THE PROBLEM – Provide a character-exact reproduction of the lines from the line with "Murder Shows &" to the end of the entries.

───── RECORDS PROVIDED

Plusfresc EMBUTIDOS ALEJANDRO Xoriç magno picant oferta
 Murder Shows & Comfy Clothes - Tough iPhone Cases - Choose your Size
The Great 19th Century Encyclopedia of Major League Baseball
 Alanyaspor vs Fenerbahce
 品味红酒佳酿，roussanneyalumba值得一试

──────────

TASK OUTPUT –
 Murder Shows & Comfy Clothes - Tough iPhone Cases - Choose your Size
The Great 19th Century Encyclopedia of Major League Baseball
 Alanyaspor vs Fenerbahce
 品味红酒佳酿，roussanneyalumba值得一试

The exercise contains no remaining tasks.